### Required action:
Transcribe the records word for word. Leave every picture out.

┌──

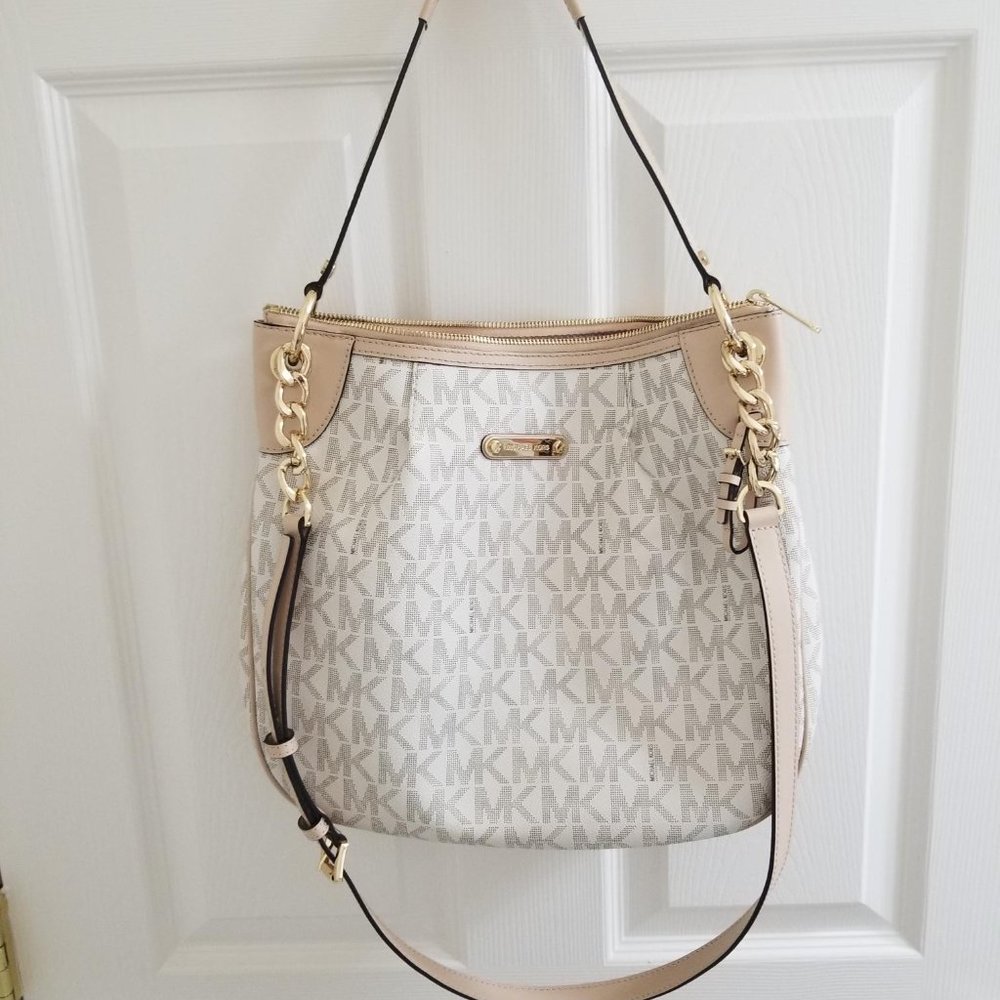 Michael Kors Monogram Purse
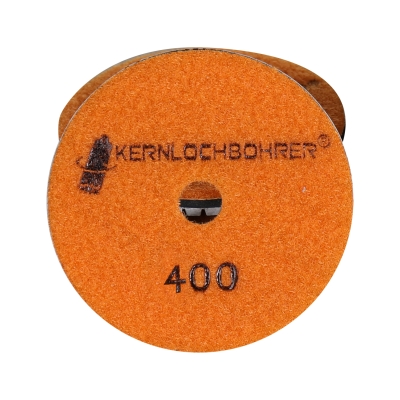 Diamentowy talerz szlifierski Ø 100 mm do powierzchni betonowych Ziarnistość # 400 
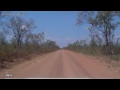 Video 135-Kalumburu Road - Second of six sections to Kalumburu. To Theda Station T/O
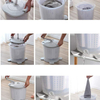 Hand Use Portable Mini Manual Washing Machine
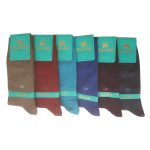 جوراب مردانه ال سون کد PH189 مجموعه 6 عددی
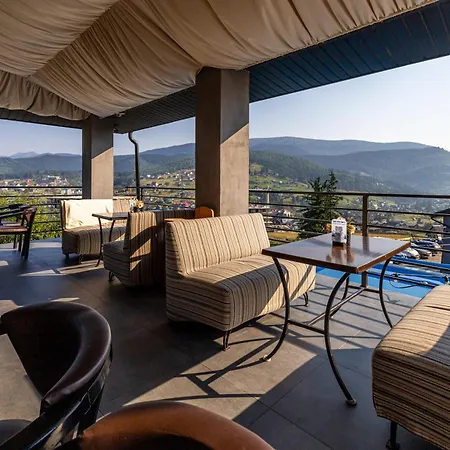 Hotel севеней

└──

### Exercise output:
 Michael Kors Monogram Purse
 Diamentowy talerz szlifierski Ø 100 mm do powierzchni betonowych Ziarnistość # 400 
 Video 135-Kalumburu Road - Second of six sections to Kalumburu. To Theda Station T/O
 Hand Use Portable Mini Manual Washing Machine
 جوراب مردانه ال سون کد PH189 مجموعه 6 عددی
 Hotel севеней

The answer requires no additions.